— Не то, чтобы я так уж стремился контактировать со всеми подряд. А что со студентами, которым некуда или незачем возвращаться?..
— Они остаются. Сейчас территория академии наводнена войсками и представителями самых разных служб, так что угрозы действительно нет. — А я, кажется, начал подозревать, почему детей аристократии рассылают куда подальше. Им-то, небось, не так комфортно находиться в окружении солдат и псионов на службе Трона. Всякие секреты рода, интриги и прочие прелести высокого общества могут совсем некстати вылезти наружу, так сказать. — Учитель, можете приступать.

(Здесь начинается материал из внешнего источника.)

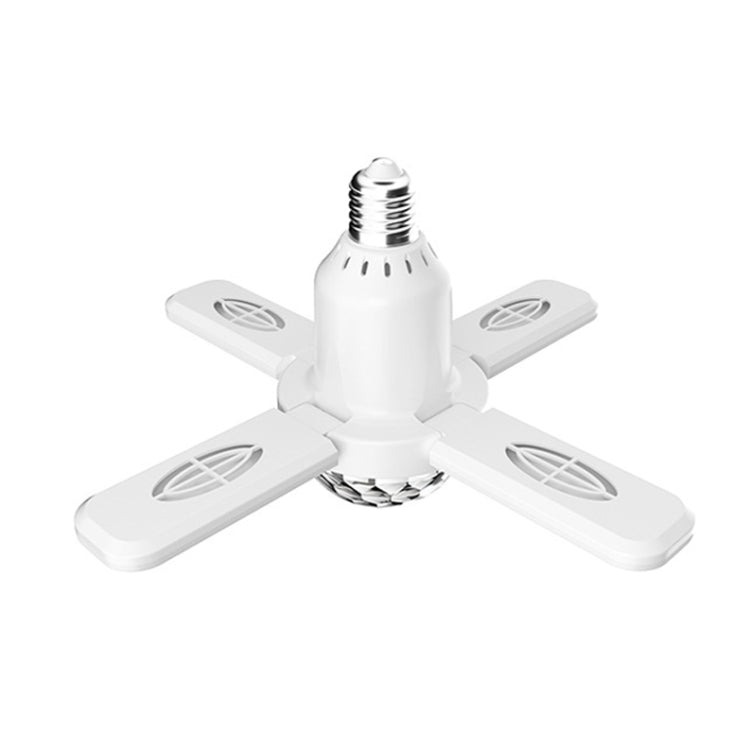 LY-002 24W Mini Bluetooth RGB Light Effect Foldable Music Light(Starry Light) - Smart Light Bulbs by PMC TechLife | Online Shopping South Africa | PMC TechLife | Buy Now Pay Later Mobicred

— Ну наконец-то. Не дело заставлять мои старые кости столько ждать из-за пустой болтовни во имя утоления любопытства не в меру перспективного юноши. — Старик оставил вмёрзшую в пол трость стоять на полу, поправил очки и начал закатывать рукава. — Я изучал твоё досье, юноша, но личное впечатление будет всяко лучше переданного посредством чернил. А ты, Олег, лучше отойди. Как ты там сказал: ты уже не в том возрасте, чтобы переохлаждаться без последствий?
— Спарринг — это тоже своего рода тренировка. — Улыбаюсь, внимательно наблюдая за одним из своих учителей. Вот так, сходу он решил перейти к практике. И никаких тебе речей и обсуждений, как в случае с Романовым.
— Спарринг? О нет, юноша, это не спарринг. Я всего лишь хочу взглянуть на твой контроль и холод. А Андрей нас подстрахует. — Я вскинул брови, когда перед стариком начал концентрироваться… холод, как он сказал. Температура воздуха в ограниченной области уменьшалась, а вся влага вокруг обращалась в лёд и вливалась в закручивающийся ледяной вихрь, постепенно замедляющийся. Я бы легко объяснил это явление телекинезом или аэрокинезом, но первое Палей не использовал, а второе ему вообще не было доступно. — Я понимаю, что ты неопытен, но хвалёное понимание должно давать что-то помимо голой мощи, разве нет?
Я внимательно смотрел за действиями наставника, — его же уже можно так называть, верно? — и понимал, что продемонстрированный им метод действительно необычен и интересен. Он не управлял льдом, что считалось нормой для криокинетов, а опирался в своих действиях на низкую температуру как таковую. Через неравномерное понижение температуры воздуха в области старик опосредованно перемещал этот самый воздух и влагу в нём, создавая причудливые завихрения, ничуть не мешающие друг другу. Тем самым он демонстрировал не боевой потенциал, — ибо эффект не хуже достигался простой заморозкой, — а контроль и свою способность к точным манипуляциям. Эту необычность можно было заметить даже по исходящей от него Пси: это эхо применения псионических энергий как будто пропустили через дуршлаг, получив на выходе достаточно тонкие, расползающиеся во все стороны нити, сплетённые в чудовищно сложный, структурированный и ни разу не хаотичный узор. Это можно было бы назвать плетением, но слишком уж прочно это слово ассоциировалось со второсортными книжками про колдунов и магов.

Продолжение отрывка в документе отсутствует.